YOUR OBJECTIVE
Starting at the line with "Saco claro cor-de-rosa" and going on through the line with "Tempat Sabun Bulat", reproduce each line in the records below exactly and nothing more.

EXTRACTED RECORDS
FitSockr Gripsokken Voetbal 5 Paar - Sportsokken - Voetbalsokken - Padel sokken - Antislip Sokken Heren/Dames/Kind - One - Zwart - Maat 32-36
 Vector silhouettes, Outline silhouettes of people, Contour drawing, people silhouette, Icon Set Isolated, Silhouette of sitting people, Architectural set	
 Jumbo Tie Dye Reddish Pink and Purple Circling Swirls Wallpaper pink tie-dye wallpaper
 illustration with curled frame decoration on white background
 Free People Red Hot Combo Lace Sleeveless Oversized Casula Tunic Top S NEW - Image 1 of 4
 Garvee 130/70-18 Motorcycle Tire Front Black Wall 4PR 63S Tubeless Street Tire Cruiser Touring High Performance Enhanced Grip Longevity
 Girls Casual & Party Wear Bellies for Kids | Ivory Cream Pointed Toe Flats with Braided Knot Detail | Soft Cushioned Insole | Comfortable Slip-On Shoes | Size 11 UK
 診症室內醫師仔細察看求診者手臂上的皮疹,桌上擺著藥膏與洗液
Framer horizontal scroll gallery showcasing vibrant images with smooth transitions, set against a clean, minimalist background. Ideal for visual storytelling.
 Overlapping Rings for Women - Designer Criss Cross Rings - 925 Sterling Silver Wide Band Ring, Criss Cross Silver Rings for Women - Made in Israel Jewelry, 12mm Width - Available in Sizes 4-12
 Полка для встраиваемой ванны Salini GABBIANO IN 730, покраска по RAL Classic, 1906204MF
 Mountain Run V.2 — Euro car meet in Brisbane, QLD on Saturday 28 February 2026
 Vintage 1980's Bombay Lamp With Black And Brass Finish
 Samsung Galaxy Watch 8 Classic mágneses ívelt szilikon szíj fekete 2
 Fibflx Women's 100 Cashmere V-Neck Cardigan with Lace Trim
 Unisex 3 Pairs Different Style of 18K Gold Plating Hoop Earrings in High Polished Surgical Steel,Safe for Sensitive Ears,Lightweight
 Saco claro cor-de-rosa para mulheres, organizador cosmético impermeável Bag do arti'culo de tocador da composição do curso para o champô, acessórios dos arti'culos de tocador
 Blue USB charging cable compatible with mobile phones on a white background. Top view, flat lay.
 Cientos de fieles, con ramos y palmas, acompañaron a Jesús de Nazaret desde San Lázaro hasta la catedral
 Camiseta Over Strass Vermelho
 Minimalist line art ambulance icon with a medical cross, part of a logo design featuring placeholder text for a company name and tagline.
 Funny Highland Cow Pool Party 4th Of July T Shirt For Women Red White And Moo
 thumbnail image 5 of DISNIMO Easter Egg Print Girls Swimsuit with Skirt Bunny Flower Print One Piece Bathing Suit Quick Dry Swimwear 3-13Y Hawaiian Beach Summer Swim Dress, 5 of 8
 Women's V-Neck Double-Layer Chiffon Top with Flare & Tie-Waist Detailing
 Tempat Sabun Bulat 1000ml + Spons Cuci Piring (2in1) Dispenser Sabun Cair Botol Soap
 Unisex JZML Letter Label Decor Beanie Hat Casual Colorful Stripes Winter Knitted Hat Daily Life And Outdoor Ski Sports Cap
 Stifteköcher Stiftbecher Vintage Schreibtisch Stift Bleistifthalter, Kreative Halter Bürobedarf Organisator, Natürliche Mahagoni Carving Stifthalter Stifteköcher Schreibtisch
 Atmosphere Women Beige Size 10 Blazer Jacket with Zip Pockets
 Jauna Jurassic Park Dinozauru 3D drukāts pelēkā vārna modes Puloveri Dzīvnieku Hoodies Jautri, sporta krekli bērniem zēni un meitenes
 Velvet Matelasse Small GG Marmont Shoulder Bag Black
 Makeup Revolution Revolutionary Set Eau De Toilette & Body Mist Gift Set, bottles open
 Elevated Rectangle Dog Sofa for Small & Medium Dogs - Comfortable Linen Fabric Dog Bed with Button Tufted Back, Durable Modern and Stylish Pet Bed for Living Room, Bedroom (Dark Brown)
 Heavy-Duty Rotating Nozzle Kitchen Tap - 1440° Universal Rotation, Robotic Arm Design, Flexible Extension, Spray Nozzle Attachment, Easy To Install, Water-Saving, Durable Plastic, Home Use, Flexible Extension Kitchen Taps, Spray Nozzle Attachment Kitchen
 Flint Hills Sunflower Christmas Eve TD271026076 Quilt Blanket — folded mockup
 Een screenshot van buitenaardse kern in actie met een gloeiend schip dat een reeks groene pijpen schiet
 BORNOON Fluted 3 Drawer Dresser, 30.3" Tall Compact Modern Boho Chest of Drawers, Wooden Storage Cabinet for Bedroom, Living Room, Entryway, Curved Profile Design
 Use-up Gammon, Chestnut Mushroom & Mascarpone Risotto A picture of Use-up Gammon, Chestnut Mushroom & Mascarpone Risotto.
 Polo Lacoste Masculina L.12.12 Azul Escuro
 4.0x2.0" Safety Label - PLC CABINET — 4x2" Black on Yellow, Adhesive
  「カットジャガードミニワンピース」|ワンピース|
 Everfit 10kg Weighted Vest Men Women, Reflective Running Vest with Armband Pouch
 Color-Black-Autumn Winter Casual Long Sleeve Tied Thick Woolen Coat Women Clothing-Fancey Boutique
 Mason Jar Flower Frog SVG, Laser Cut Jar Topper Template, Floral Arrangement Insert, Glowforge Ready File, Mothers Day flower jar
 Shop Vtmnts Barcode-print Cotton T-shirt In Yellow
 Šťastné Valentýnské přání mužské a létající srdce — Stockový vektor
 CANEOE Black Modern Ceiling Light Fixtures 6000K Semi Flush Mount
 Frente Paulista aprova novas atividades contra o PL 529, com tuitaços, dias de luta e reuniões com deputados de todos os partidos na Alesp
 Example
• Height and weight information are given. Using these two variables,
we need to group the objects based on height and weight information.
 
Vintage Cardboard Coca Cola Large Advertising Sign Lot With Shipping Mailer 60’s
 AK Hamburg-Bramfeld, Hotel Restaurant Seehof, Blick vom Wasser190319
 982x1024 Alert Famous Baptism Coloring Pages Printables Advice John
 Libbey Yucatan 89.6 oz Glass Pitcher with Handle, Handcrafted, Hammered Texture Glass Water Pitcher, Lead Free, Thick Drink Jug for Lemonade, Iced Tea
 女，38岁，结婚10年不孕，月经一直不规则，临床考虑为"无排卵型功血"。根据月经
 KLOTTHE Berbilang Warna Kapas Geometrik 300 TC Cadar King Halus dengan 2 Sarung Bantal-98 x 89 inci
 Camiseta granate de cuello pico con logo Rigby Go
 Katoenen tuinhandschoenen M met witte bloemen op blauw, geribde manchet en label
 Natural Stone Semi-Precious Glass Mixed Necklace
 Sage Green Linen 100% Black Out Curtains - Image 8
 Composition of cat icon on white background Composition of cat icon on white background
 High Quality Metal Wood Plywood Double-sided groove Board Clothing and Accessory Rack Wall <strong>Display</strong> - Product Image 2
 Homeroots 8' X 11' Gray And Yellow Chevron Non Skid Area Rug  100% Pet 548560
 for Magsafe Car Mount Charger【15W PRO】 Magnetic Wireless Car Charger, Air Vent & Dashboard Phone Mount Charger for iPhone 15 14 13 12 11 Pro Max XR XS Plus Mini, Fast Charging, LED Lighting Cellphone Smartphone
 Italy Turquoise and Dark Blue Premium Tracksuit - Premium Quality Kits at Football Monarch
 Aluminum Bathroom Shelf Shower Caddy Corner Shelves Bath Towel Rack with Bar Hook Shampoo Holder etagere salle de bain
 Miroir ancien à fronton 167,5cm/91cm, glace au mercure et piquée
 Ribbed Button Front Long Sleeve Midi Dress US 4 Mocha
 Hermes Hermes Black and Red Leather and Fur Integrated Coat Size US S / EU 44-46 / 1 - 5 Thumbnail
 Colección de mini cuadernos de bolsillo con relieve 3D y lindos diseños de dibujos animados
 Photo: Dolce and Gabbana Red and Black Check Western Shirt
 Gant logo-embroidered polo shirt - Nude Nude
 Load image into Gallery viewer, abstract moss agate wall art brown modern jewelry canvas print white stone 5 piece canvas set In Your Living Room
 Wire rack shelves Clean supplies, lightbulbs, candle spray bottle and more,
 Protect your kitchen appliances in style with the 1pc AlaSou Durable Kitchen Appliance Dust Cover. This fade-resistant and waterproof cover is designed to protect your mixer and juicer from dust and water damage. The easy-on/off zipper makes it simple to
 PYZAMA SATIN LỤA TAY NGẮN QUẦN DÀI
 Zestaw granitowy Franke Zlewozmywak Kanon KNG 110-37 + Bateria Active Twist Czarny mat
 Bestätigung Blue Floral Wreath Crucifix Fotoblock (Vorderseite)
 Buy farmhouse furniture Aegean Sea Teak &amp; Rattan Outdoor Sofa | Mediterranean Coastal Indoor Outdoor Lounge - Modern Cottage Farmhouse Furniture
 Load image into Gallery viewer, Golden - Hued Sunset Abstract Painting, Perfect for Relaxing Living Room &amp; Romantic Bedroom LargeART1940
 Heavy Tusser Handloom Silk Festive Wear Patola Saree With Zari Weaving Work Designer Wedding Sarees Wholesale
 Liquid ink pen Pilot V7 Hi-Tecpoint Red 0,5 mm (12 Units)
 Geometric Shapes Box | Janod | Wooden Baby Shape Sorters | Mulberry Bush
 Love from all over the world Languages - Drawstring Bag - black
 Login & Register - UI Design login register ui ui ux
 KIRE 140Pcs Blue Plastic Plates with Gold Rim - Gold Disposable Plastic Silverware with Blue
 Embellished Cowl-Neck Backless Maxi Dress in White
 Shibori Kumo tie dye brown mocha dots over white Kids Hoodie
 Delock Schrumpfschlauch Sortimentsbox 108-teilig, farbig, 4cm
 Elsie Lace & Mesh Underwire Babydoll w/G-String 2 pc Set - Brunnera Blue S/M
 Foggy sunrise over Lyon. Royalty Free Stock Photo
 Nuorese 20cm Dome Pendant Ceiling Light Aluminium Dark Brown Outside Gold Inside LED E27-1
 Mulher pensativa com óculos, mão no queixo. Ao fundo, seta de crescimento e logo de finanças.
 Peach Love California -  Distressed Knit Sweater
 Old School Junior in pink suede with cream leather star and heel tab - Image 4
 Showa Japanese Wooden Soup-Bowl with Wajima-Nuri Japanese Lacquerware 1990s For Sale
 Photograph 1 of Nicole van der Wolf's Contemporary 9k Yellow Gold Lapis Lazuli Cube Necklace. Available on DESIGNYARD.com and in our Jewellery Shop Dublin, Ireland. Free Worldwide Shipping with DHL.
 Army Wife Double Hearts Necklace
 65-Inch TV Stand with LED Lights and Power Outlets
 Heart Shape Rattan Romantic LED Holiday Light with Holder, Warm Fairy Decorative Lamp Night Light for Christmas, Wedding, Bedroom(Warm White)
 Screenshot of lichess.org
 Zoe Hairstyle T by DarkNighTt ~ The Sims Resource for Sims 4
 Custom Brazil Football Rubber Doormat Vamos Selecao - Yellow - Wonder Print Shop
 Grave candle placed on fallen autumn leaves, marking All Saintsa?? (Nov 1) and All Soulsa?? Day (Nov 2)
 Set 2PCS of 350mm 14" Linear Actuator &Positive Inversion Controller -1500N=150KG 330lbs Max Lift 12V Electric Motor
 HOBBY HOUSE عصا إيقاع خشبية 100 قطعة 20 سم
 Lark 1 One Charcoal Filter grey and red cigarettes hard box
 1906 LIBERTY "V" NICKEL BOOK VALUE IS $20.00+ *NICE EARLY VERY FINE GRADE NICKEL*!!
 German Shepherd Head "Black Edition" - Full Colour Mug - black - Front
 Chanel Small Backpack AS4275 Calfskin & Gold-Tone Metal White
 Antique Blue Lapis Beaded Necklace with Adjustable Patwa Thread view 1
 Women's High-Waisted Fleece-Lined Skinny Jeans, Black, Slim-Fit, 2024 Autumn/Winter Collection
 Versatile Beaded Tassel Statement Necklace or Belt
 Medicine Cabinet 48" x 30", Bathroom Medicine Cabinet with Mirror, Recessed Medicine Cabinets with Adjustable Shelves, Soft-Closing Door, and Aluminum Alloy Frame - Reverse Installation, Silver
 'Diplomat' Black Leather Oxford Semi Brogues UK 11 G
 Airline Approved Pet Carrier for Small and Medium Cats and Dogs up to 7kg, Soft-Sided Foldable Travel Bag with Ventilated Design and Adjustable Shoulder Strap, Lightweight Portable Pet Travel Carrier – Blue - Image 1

OUTPUT FOR THIS EXERCISE
 Saco claro cor-de-rosa para mulheres, organizador cosmético impermeável Bag do arti'culo de tocador da composição do curso para o champô, acessórios dos arti'culos de tocador
 Blue USB charging cable compatible with mobile phones on a white background. Top view, flat lay.
 Cientos de fieles, con ramos y palmas, acompañaron a Jesús de Nazaret desde San Lázaro hasta la catedral
 Camiseta Over Strass Vermelho
 Minimalist line art ambulance icon with a medical cross, part of a logo design featuring placeholder text for a company name and tagline.
 Funny Highland Cow Pool Party 4th Of July T Shirt For Women Red White And Moo
 thumbnail image 5 of DISNIMO Easter Egg Print Girls Swimsuit with Skirt Bunny Flower Print One Piece Bathing Suit Quick Dry Swimwear 3-13Y Hawaiian Beach Summer Swim Dress, 5 of 8
 Women's V-Neck Double-Layer Chiffon Top with Flare & Tie-Waist Detailing
 Tempat Sabun Bulat 1000ml + Spons Cuci Piring (2in1) Dispenser Sabun Cair Botol Soap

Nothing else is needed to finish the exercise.